Um den Zirkel der Argumentation zu schließen: Wer dafür sorgt, dass Schüler und Schülerinnen und Eltern eine narzisstische Kränkung erleben, wer durch Schule dafür sorgt, dass Lehrer nicht objektiv urteilen, muss auch mit Aggressionen gegen Lehrkräfte rechnen. Weil diese dann als Schuldige für ein Desaster wahrgenommen werden. Das kann man nur vermeiden, wenn klar ist, dass die Lehrkräfte an der Überprüfung der Leistungsfähigkeit, an den Noten, an den Versetzungen und an der Karriere schuldlos sind. Lehrer sind dann nur Trainer für das Bestehen objektiver Leistungsfeststellungen.
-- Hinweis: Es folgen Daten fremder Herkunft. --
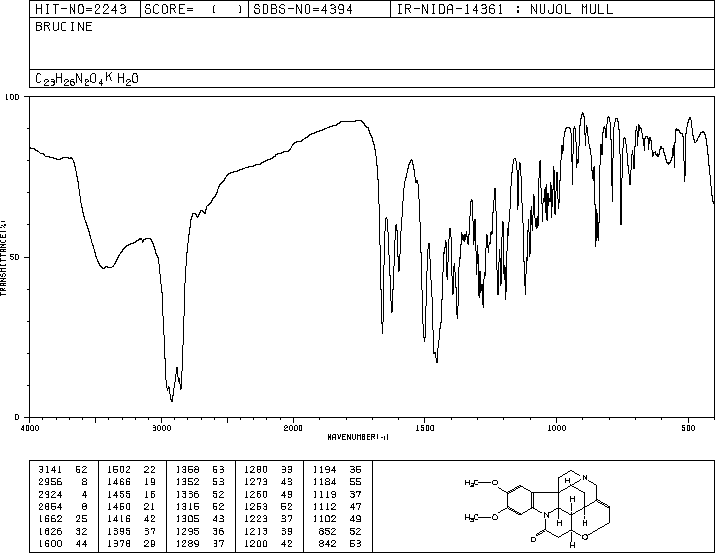 10,11-Dimethoxystrychnine(357-57-3) IR2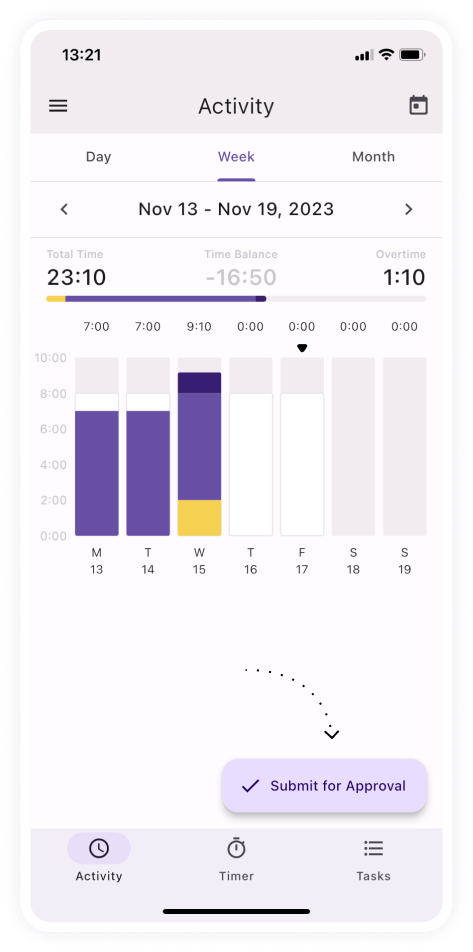 actiTIME Mobile - Submitting timesheet 1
Und damit das funktioniert, muss man natürlich den gesamten Bereich der Notengebung verändern, und zwar nicht durch alternative Prüfungsformate, sondern durch eine „Mehrperspektivische schulische Diagnostik“, aber darüber wurde ja schon genügend geschrieben. Nur ein Wort: Selbstverständlich können darin weiche Informationen auch Bestandteile des Zeugnisses sein, aber immer nur zusätzlich zu den relevanten objektiven Testergebnissen, die ohne Hilfsmittel von den Schülern und Schülerinnen erbracht werden. Wir bleiben Menschenfreunde und strikt menschenfreundlich, aber wir sind auch leistungsfreundlich. Wir wissen, dass leistungsfähige Menschen für das Wohlergehen unseres Staates eminent wichtig sind. Und nicht nur welche mit Abi und Uni.
Dr. Rainer Dollase war bis zu seiner Emeritierung im Jahr 2008 Professor in der Abteilung Psychologie und am Institut für interdisziplinäre Konflikt- und Gewaltforschung der Universität Bielefeld.
Die Vorschulerziehung stellte dabei einen seiner Arbeits- und Veröffentlichungsschwerpunkte dar. Später hat er sich einen Namen in der G8/G9-Debatte gemacht – als wortgewaltiger Gegner des Turbo-Abiturs. Dollase war Mitglied des Teams “Schule und Kultur” der nordrhein-westfälischen CDU im Vorfeld der Landtagswahl 2017.